## INPUT:
= = =

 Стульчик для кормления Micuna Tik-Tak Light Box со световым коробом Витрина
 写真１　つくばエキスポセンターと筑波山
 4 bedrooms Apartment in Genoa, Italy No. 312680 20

= = =

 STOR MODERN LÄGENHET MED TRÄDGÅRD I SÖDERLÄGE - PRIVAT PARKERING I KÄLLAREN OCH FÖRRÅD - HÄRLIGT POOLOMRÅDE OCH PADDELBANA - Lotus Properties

= = =

## WHAT THE EXERCISE ASKS:
Your task is to retype the entries verbatim, starting with the line that holds "Стульчик для кормления" and stopping after the line that holds "4 bedrooms Apartment".

## TASK ANSWER:
 Стульчик для кормления Micuna Tik-Tak Light Box со световым коробом Витрина
 写真１　つくばエキスポセンターと筑波山
 4 bedrooms Apartment in Genoa, Italy No. 312680 20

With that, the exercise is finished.